Zombie really complicates the sympathies of the audience by having our supposed protagonist, Sheriff Wydell, go completely bizonkers in his single-minded quest for righteous justice. The beefy and intense William Forsythe has been playing roles like this since the 80's so he's really in his element here. As the film's run time ticks by, he becomes increasingly belligerent, unhinged and sadistic, first murdering the defenseless Mother Firefly, then hiring a pair of cold-blooded hit-men and then indulging in his own sadistic whims. Through it all, Forsythe is like a human cyclone. What's interesting is that, given just a few changes in circumstance, you can easily picture Wydell fitting in well with the Fireflys.
As if all the leads aren't amazing enough, we also get a slew of fantastic cameos and supporting performances. For example, Dawn of the Dead's Ken Foree and Michael Berryman from The Hills Have Eyes share a side-splitting scene which examines alternate uses for poultry. Seeing these two B-movie legends in this bizarre sequence together almost tore the cinematic space-time continuum asunder for me.

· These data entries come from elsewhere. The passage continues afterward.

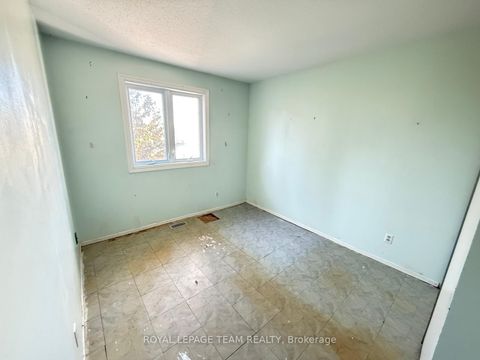 Photo 14 at 86 HUMMINGBIRD Crescent, Nepean (Cedargrove/Fraserdale), Ottawa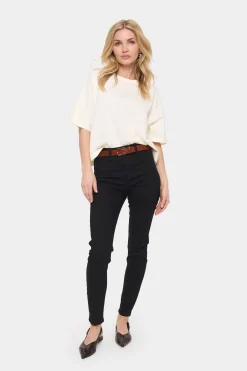 T5757, Jeans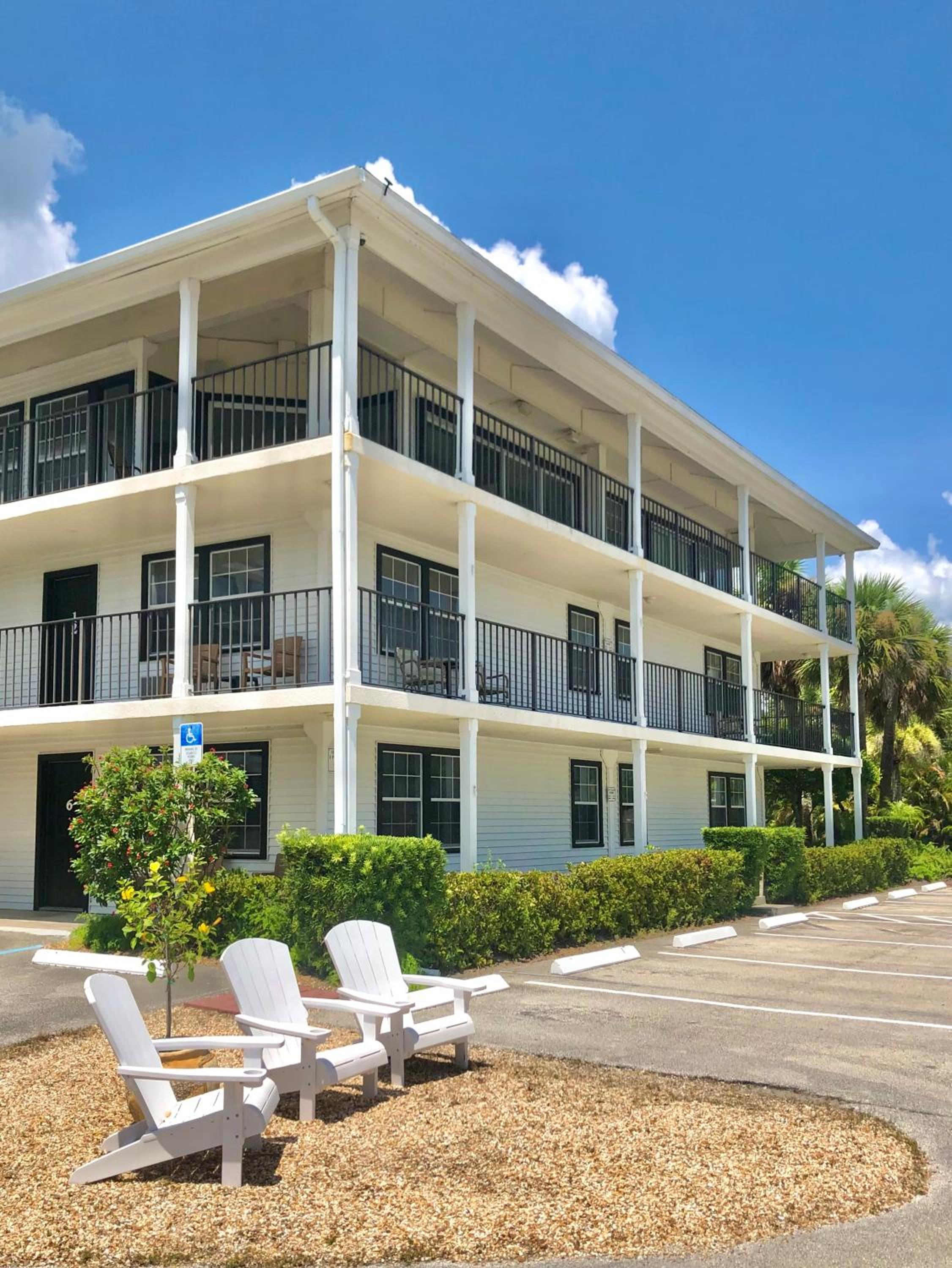 Davis House Inn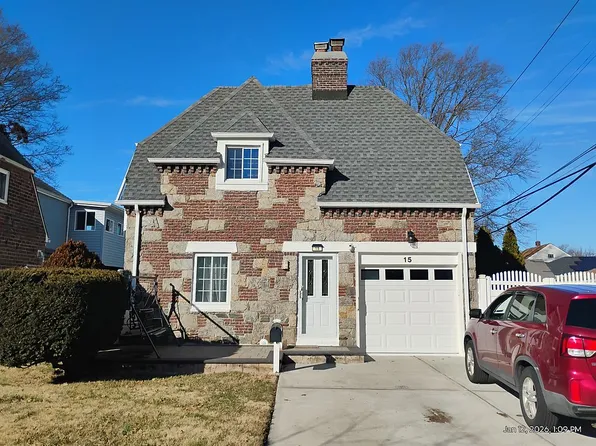 15 Tower Ct, Hempstead, NY 11550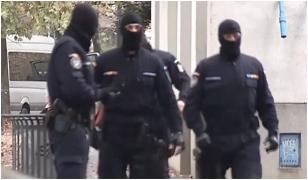 Cum funcţiona fabrica de bani de la Suceava. 3 bărbaţi, trimişi în judecată după ce au tipărit 1 mil. € falşi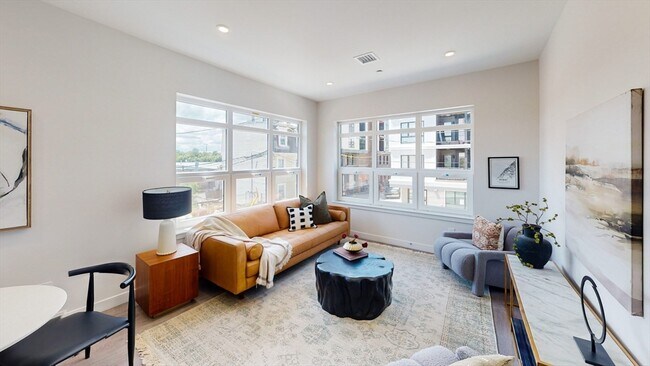 Photo - 75 Willow Ct Unit 406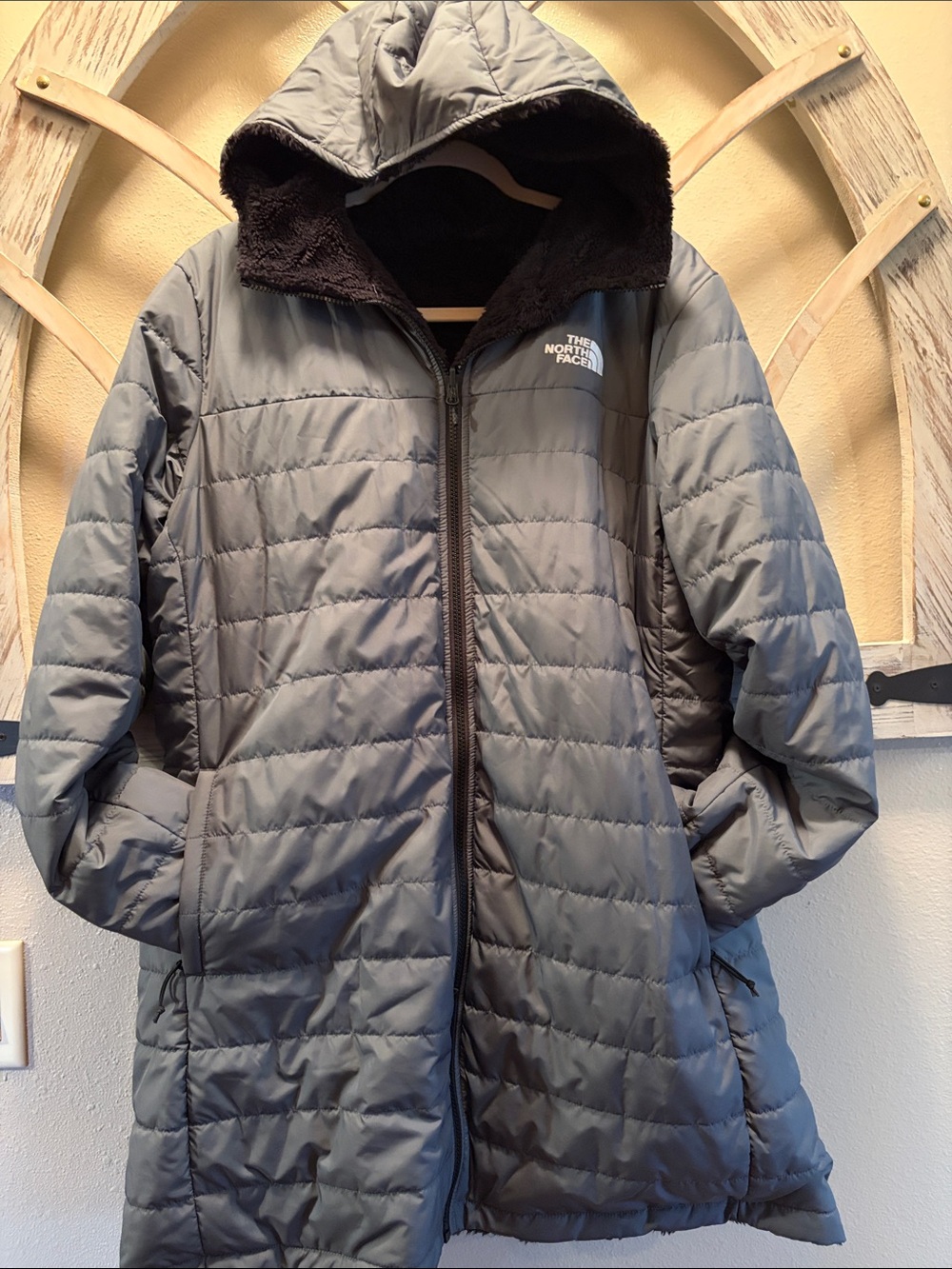 The North Face women’s Hooded Puffer Jacket - Gray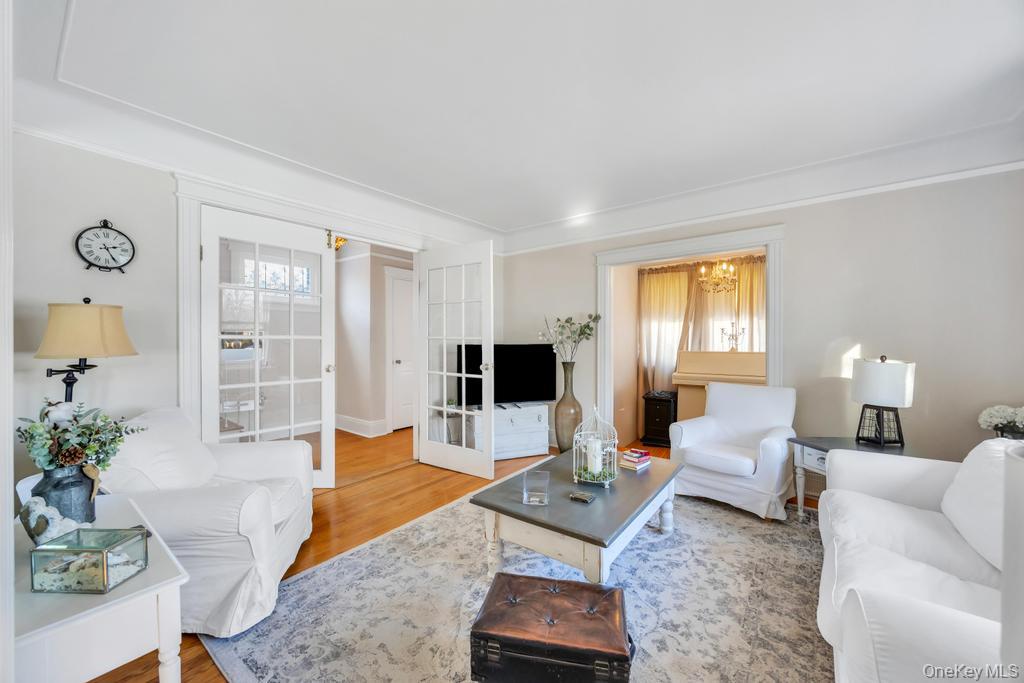 #6 photo, 218 Woodlawn Road, West Hempstead , NY 11552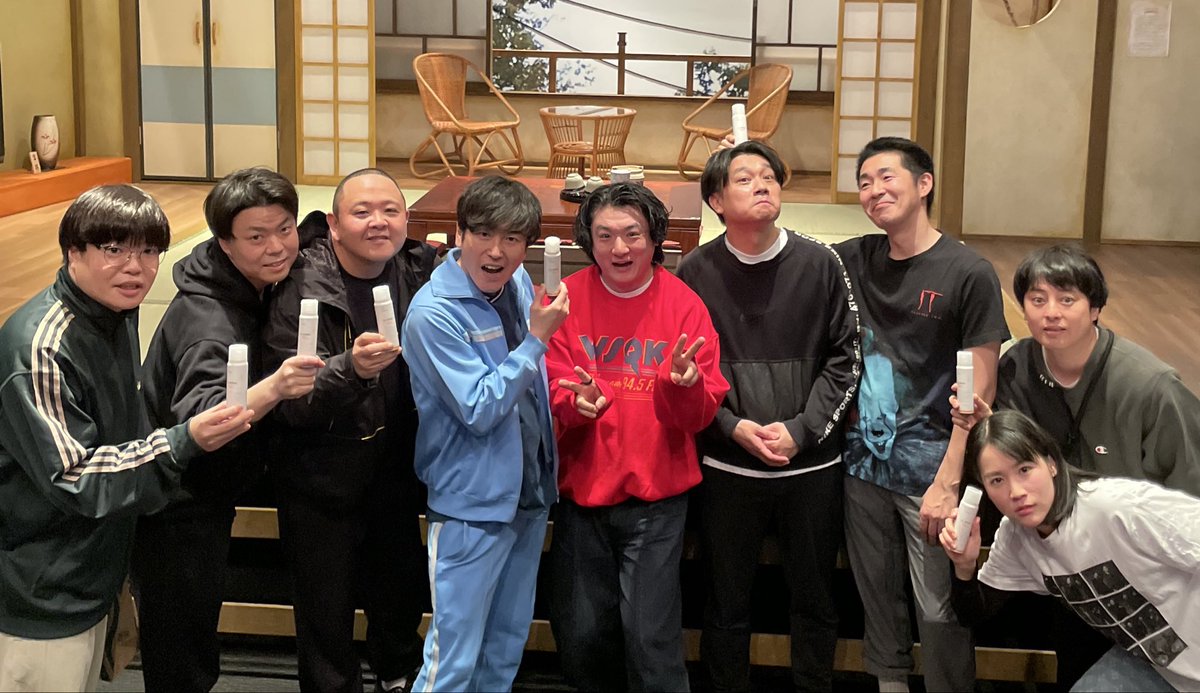 kawadekosuke's tweet photo. メトロンズさんの「事故か、事件か、同窓会か」を観劇しました！え？ここからどうなるの？の連続でワクワク止まらず。全員スピンオフドラマを作ってほしいレベルの濃キャラを天才コント師の方々が演じるのは面白いに決まってます！辻さん、長尾さんも最高！旅館のセットも凄いので生で観るのがオススメ https://t.co/5LWjQrED5e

We also get memorable appearances by Danny Trejo and wrestler "Diamond" Dallas Page as a pair of twisted assassins. Sad sack comedian Brian Posehn appears briefly as one of the ill-fated musicians. Halloween scream-queen P.J. Soles does her victim due diligence in the role of Susan. Former 80's porn queen Ginger Lynn Allen has a cameo as Spaulding's "dream girl". And finally, the still-lovely Priscilla Barnes has a brave showing as Gloria Sullivan. Words cannot describe how unnerving it was to watch Teri from Three's Company get abused by these freaks.
Now that The Devil's Rejects has given me irrefutable evidence that Zombie is capable of making a good, tense, well-assembled movie I no longer feel completely opposed to the idea of checking out his Halloween remake.
But that's a tale for another time, kiddies.